*Extracted data*.
========================================================================

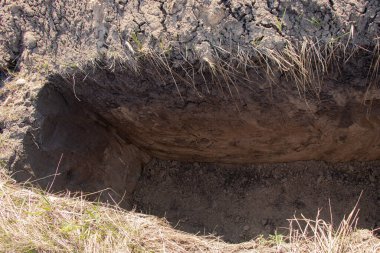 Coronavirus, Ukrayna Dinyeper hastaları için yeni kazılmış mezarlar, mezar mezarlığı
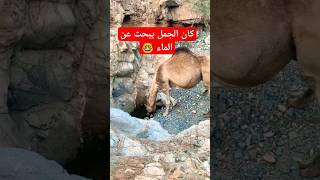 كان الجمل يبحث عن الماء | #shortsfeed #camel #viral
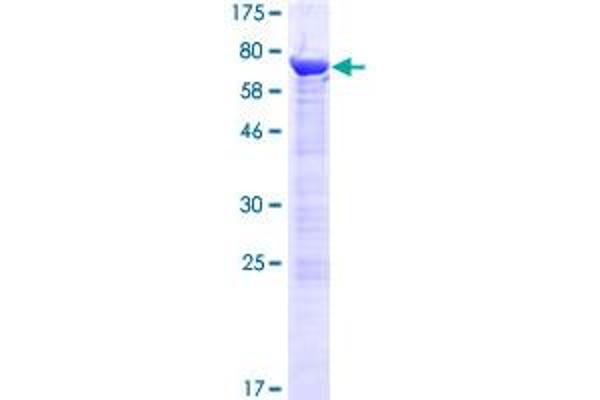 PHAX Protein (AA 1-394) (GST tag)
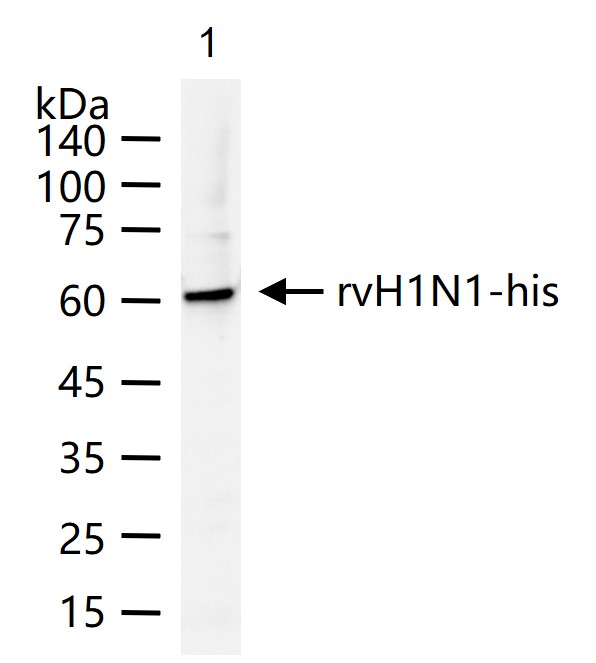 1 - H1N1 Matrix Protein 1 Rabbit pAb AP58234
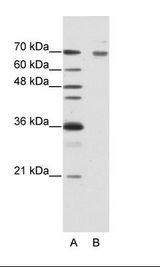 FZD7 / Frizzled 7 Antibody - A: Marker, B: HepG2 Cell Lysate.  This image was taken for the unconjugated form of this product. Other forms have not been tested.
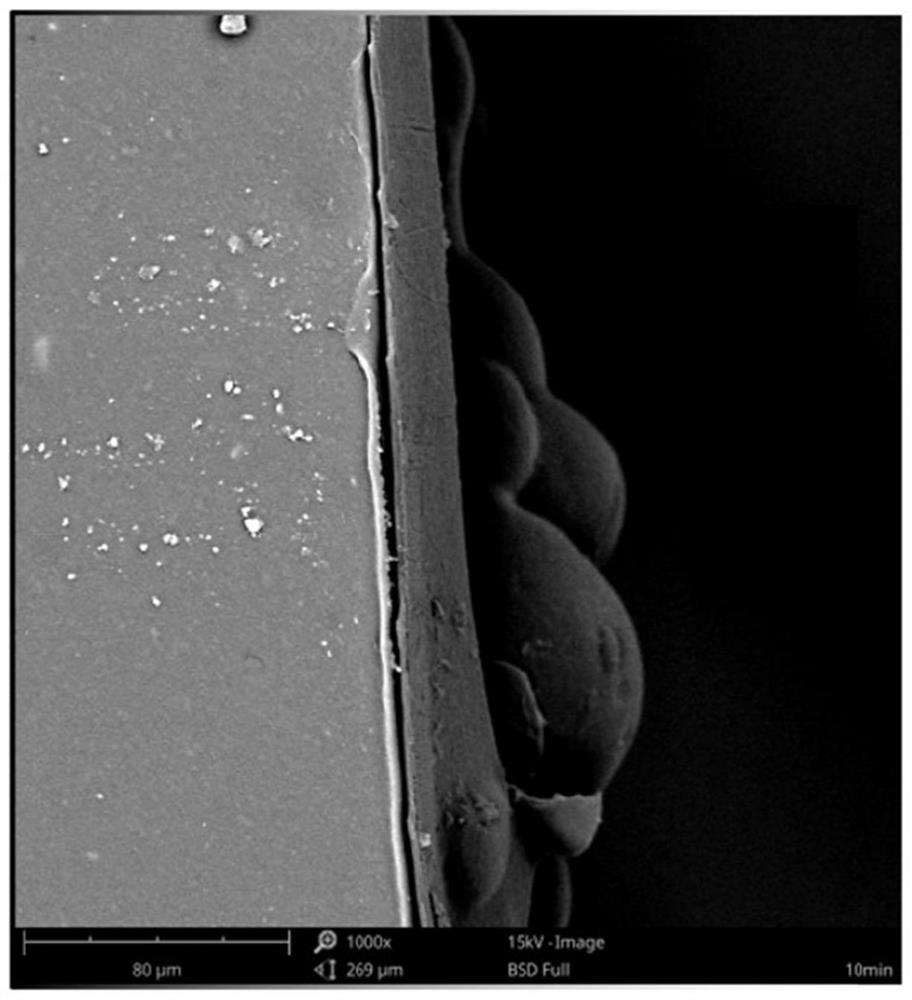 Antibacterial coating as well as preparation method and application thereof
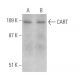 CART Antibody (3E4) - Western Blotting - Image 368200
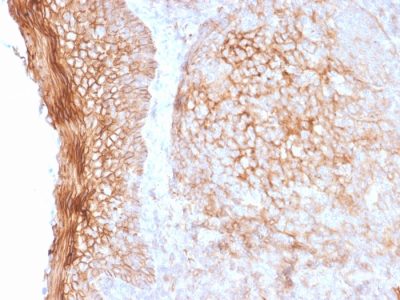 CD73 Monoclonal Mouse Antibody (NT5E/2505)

========================================================================

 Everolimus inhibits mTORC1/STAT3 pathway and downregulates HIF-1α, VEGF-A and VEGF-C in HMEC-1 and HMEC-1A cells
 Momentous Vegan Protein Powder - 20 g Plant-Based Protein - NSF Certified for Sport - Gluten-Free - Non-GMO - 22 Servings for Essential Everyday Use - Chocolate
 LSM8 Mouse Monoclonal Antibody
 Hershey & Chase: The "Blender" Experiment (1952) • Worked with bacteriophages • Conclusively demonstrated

========================================================================

*Brief*.
After locating the line containing "Coronavirus, Ukrayna Dinyeper" in the entries above, return it and every line after it exactly, ending at the line containing "CD73 Monoclonal Mouse Antibody (NT5E/2505)", without pictures.

*Result*.
 Coronavirus, Ukrayna Dinyeper hastaları için yeni kazılmış mezarlar, mezar mezarlığı
 كان الجمل يبحث عن الماء | #shortsfeed #camel #viral
 PHAX Protein (AA 1-394) (GST tag)
 1 - H1N1 Matrix Protein 1 Rabbit pAb AP58234
 FZD7 / Frizzled 7 Antibody - A: Marker, B: HepG2 Cell Lysate.  This image was taken for the unconjugated form of this product. Other forms have not been tested.
 Antibacterial coating as well as preparation method and application thereof
 CART Antibody (3E4) - Western Blotting - Image 368200
 CD73 Monoclonal Mouse Antibody (NT5E/2505)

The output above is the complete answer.